The Richmond Howitzers were organized in 1859 in response to John Brown's raid on Harpers Ferry, Virginia and expanded from volunteers not added to the First Regiment of Virginia Artillery in 1861. Captain (Major as of May 9, 1861) George W. Randolph took charge of the Howitzers Battalion. J. Thompson Brown, although not a trained soldier, was named second lieutenant of the second company. On May 7, 1861, Brown's second company of the battery fired its first shot from Gloucester Point, Virginia in the minor Battle of Gloucester Point, the first reported military action of the war in Virginia on May 7, 1861 The Howitzers fired against the Union Navy gunboat USS Yankee which was steaming up the York River from Hampton Roads. On May 9, 1861, Brown was elected captain of the second company. A month later, on June 10, 1861, Brown's battery fought at the Battle of Big Bethel, Virginia. Brown became a major in September 1861 and a lieutenant colonel in the spring of 1862.

Brown led the First Virginia Artillery as a battalion in the artillery reserve of the Army of Northern Virginia in the Seven Days Battles. Brown was promoted to the rank of colonel on June 2, 1862. He led the battalion at the Battle of Antietam and the Battle of Fredericksburg. In October 1862, Thompson was assigned to work with Brigadier General William N. Pendleton and Colonel, later Lieutenant General Stephen D. Lee to make recommendations for the reorganization of the army’s artillery. Pendleton recommended that Brown retain his battalion.

In 1863, at the Battle of Chancellorsville, Brown’s battalion served in the artillery brigade of Stonewall Jackson’s corps. Brown distinguished himself by protecting the Confederates involved in Jackson’s flanking movement from a probe by the federal III Corps. After the wounding of Colonel Stapleton Crutchfield, Brown became acting chief of artillery of Jackson’s corps.
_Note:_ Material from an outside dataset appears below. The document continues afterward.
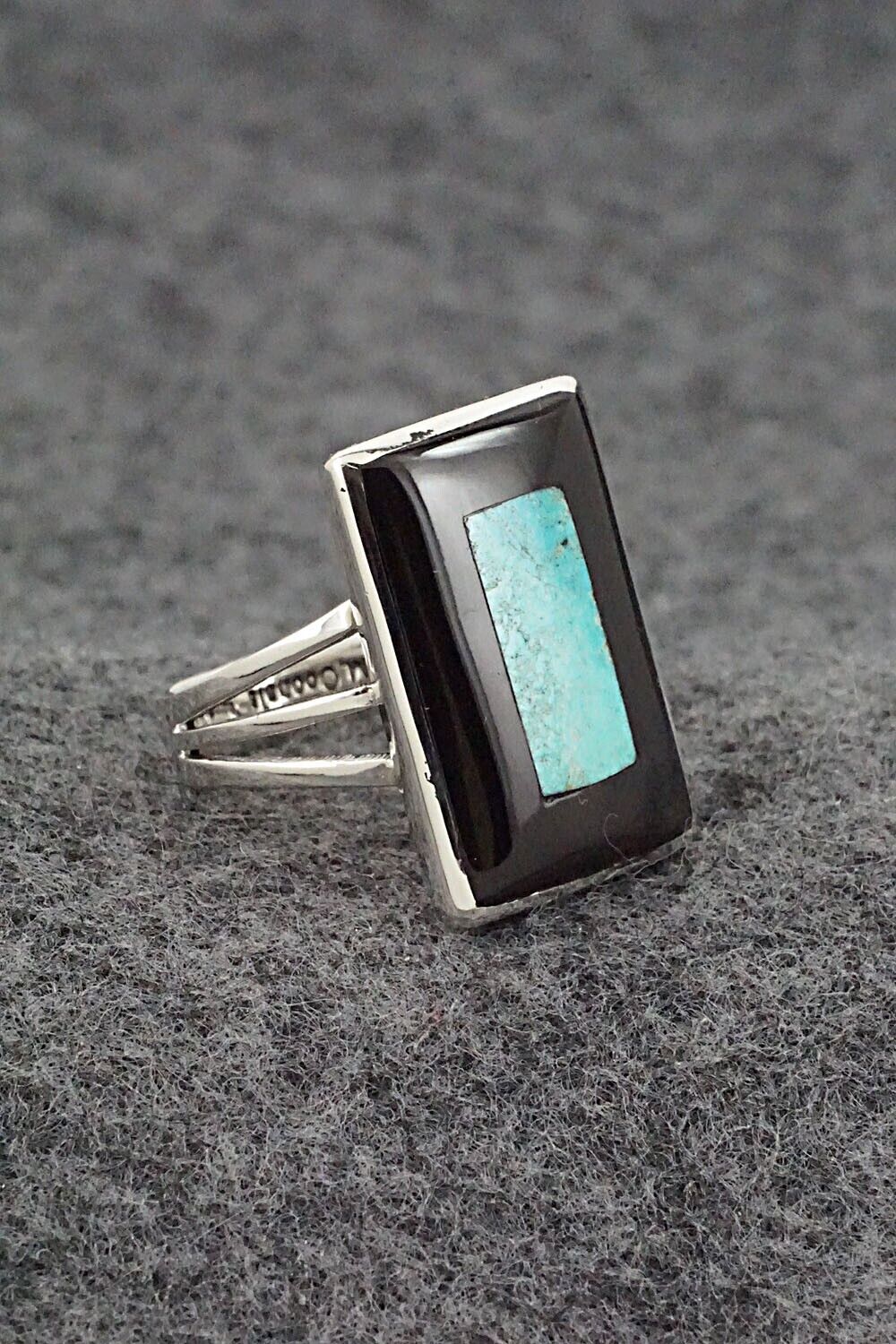 Turquoise, Onyx & Sterling Silver Ring - Harlan Coonsis - Size 7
During the reorganization of the army after the death of Jackson, Lieutenant General Richard S. Ewell took charge of II Corps. Colonel Brown became the commander of the artillery reserve of the corps. The battalions of Captain Willis J. Dance, formerly Brown’s own, and Lieutenant Colonel William Nelson served under him. Dance's battalion played a part in the Second Battle of Winchester. Their guns reached the field at the Battle of Gettysburg but too late for the fighting on July 1. Dance’s guns were employed on Seminary Ridge and Nelson’s near Benner’s Hill on July 2 and 3. Brown is among those criticized for the failure to get ammunition trains to the front, reducing the number of guns available for the grand bombardment on July 3. Brown’s gunners helped cover the retreat of the army to the Potomac River, reaching Hagerstown, Maryland on July 7. They were assigned on the left of General Robert E. Lee's defensive position near Williamsport, Maryland as the army waited to cross the river. Brown reported on the role of the corps' artillery in the campaign.[1]
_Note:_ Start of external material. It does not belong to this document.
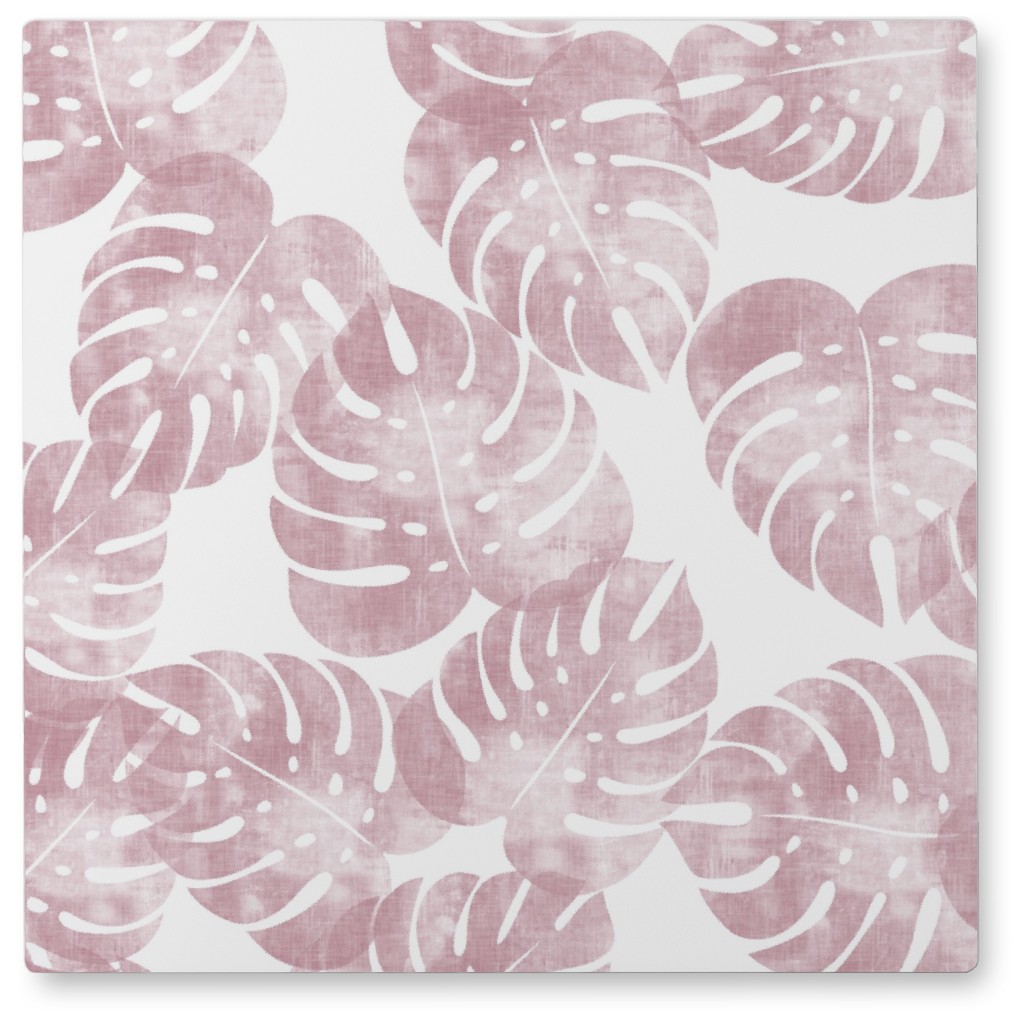 Monstera Leaves - Mauve Photo Tile, Metal, 8x8, Pink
Shortly after Gettysburg, Lee named his military secretary, Brigadier General Armistead L. Long, chief of artillery of II Corps. Despite being the senior artillerist of the corps, Brown is not found on record complaining about Long’s promotion. Others, however, thought Long was promoted because of his West Point education. Brown returned to command of his battalion for the Bristoe Campaign and the Mine Run Campaign.
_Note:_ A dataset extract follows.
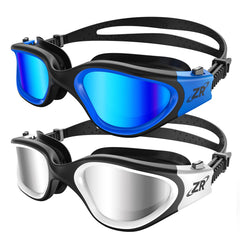 ZIONOR front view of two-pack goggles showing colorways and packaging, clear choice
Before the Overland Campaign began, Long divided his corps artillery into two divisions. Brown took command of one. It contained the battalions of Nelson, Lieutenant Colonel Robert A. Hardaway and Lieutenant Colonel Carter M. Braxton. On May 6, 1864, while seeking a position for the guns in his division, Colonel J. Thompson Brown was killed by a sharpshooter. Brigadier Generals Pendleton and Long praised their fallen lieutenant for his character and skill.